Le rapport déclare : « En 2015, le gouvernement a signé un accord tripartite avec l’Organisation des assurances de santé d’ Iran et le Bureau du Haut Commissariat des Nations Unies pour les réfugiés (le HCR) afin de parvenir à l’inclusion de près de 1 million de réfugiés irakiens et afghans dans le dans le système d’assurance maladie public universel subventionné par le gouvernement. Il donne accès à des services de santé dans tous les hôpitaux publics affiliés au ministère de la Santé. Toutefois, les réfugiés continuent à être confrontés à l’inégalité, la discrimination et les mauvais traitements … Seuls les réfugiés ayant un permis de travail délivré par le système Amayesh peuvent travailler. La majorité des provinces ont imposé des restrictions de résidence aux réfugiés. La déportation forcée de réfugiés reste préoccupante. Entre mars 2014 et ars 2015, 216 923 personnes, dont 1772 enfants, auraient été expulsés de force de la République islamique d’Iran ».

La déclaration fait également part de sa préoccupation au sujet des réfugiés et des migrants afghans qui sont recrutés par les autorités iraniennes, même les mineurs, pour aller combattre en Syrie.

Les droits des femmes sont aussi un important sujet d’intérêt pour la communauté internationale. Les autorités iraniennes ont insisté sur le fait que des progrès ont été accomplis, mais le rapport indique que très peu a été fait pour atteindre l’égalité des sexes. Les femmes journalistes et les militantes des droits de l’homme continuent d’être opprimées, humiliées et placées en détention.

Les minorités religieuses et ethniques sont également réprimées et endurent une discrimination continue.
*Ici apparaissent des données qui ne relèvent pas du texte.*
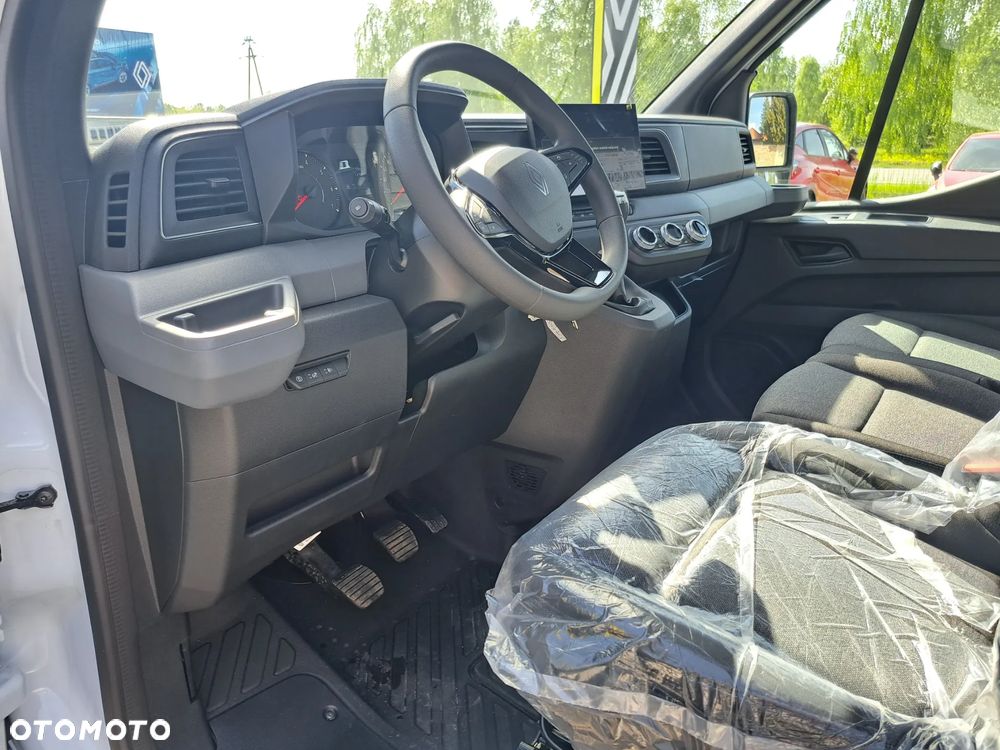 Renault MASTER - 8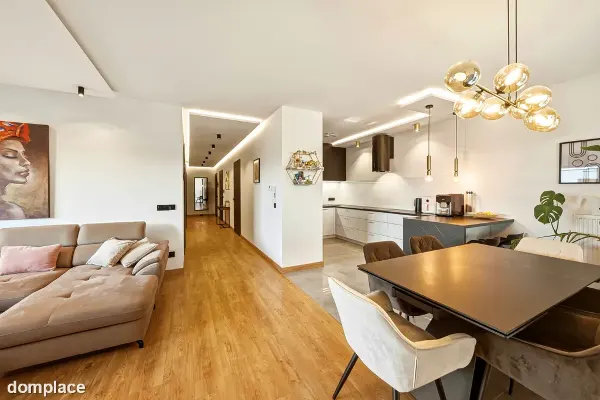 Częstochowa, ul. Małopolska | Apartament — zdjęcie 4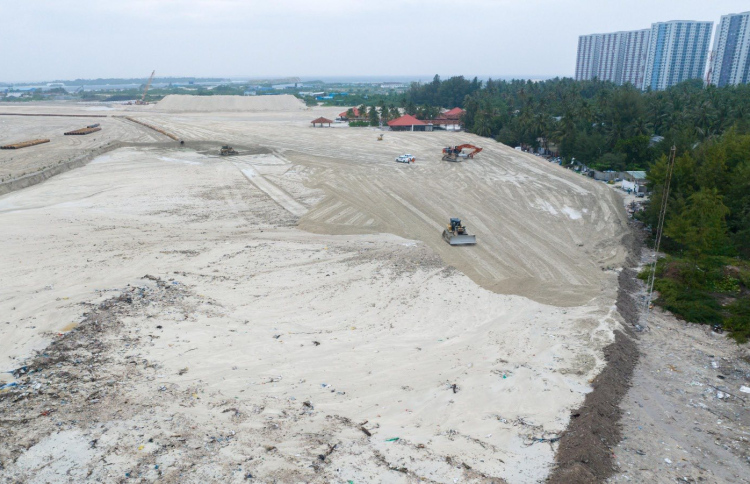 ކުނި އަޅައިގެން އެއްވެސް ތަނެއް ނުހިއްކާނެ: ރައީސް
La minorité religieuse bahaïe, par exemple, a été décrite comme une « secte populiste » par les autorités iraniennes, qui les empêchent de participer à la vie économique en Iran ».

Dans le rapport, le gouvernement iranien a été invité à publier un moratoire sur l’utilisation de la peine de mort en Iran. Il a appelé à une réduction des lois et des règlements qui « empêchent les acteurs de la société civile de travailler en toute sécurité et en toute liberté et de promouvoir le bien-être des minorités ethniques et religieuses ». Il a également exhorté l’Iran à se joindre à des protocoles internationaux pour le maintien de ces droits et de promouvoir la coopération internationale.